Evidentemente y a juzgar por las manos que separaban sus piernas, la boca pertenecía a un hombre y fue tal el delirio que provocaron a su enfebrecida y desviada mente que, estirándose perezosamente al tiempo que proclamaba su fervorosa complacencia, con los ojos cerrados y un leve jadeo mimoso escapando entre sus labios, disfrutó de esa lengua que recorría tremolante desde el clítoris al ano mientras unos gruesos labios se apoderaban de los fruncidos pliegues o chupeteaban golosamente al todavía erecto clítoris.
La lengua del hombre superaba en tamaño, consistencia y plasticidad a la de Mora y la punta se movía como un garfio deliciosamente flexible que escarbaba en cada recoveco del sexo, separaba los fruncidos colgajos de los labios menores, azotaba impiadoso al carnoso tubo del clítoris e invadía ávidamente la todavía dilatada entrada a la vagina.
Deleitada por tan prodigiosa demostración de habilidad y mientras acariciaba sus propios senos con moroso apasionamiento, Lëila retorcía el cuerpo y sacudía en espasmódicos remezones la pelvis en tanto el hombre complementaba la acción de la boca en el clítoris con el duro estregar de la yema del pulgar y dos gruesos dedos se introducían a la vagina para recorrerla encorvados en todas direcciones.
A Lëila la espalda se le encorvaba en una reacción instintiva del cuerpo y las caderas se meneaban al compás de los dedos; mientras trataba de reprimir los gritos de contento mordiéndose los labios y exhalando continuos ayes, sintió como su boca era rozada por la suavidad de algo que sólo podía ser un pene.

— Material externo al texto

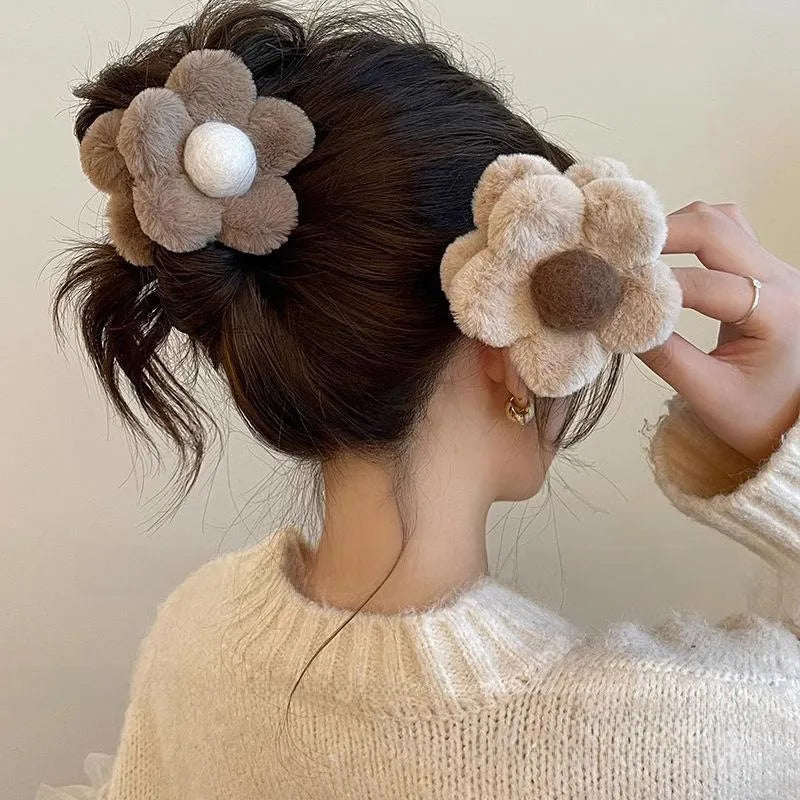 Plush Flower Claw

Entreabriendo apenas los ojos, vislumbró fuera de foco y a muy pocos centímetros de su cara, los recios muslos de otro hombre que guiaba la masa todavía informe de una verga. En la inconsciencia ofuscada y febril de las drogas, no sólo no rechazó el miembro del desconocido sino que su mano se dirigió presurosa a atrapar el tumefacto pene y acometer con la lengua la tarea de lamerlo para paladear el sabor inconfundible de los hombres.
Viendo su condescendiente aceptación, aquel se ahorcajó sobre su pecho y entonces la verga fláccida presionó contra los labios que ella abrió con expectante deleite. El aspecto difería totalmente con la de Rubén, ya que el largo y recto tronco ostentaba una piel lisa y la punta del glande apenas asomaba del prepucio que lo cubría totalmente. Utilizando las dos manos, puso una a abrazar al tronco en lerdos movimientos masturbatorios para que adquiriera rigidez en tanto que la otra corría delicadamente el pellejo para dejar al descubierto una rosada y redonda cabeza a la que, una vez liberada de su prisión, lamió con suavidad y los labios encerraron para chuparla con fruición.
Profundamente excitada por lo que el otro hombre realizaba en su sexo, abrió totalmente los labios e introdujo el maleable pene y, en tanto lo sometía a fuertes succiones, la lengua fue macerándolo contra el paladar y las muelas. Merced a su empeño, el colgajo fue adquiriendo rigidez y aumentó tanto de tamaño que ya le era imposible tenerlo por entero en la boca pero compensó esa falencia masturbando con dureza al tronco e iniciando un repetido vaivén por el que lo introducía casi totalmente en la boca para luego sacarlo lentamente mientras lo succionaba ceñidamente y los dientes rastrillaban la piel.
La boca ya no jugueteaba más en el sexo y en cambio un pene, no del todo rígido, restregaba gratamente la zona macerada y cubierta de saliva, para luego ir introduciéndose sin inconveniente a la vagina, cuyos músculos se distendieron para darle cabida y luego iniciaron esas contracciones reflejas que incrementaban su roce.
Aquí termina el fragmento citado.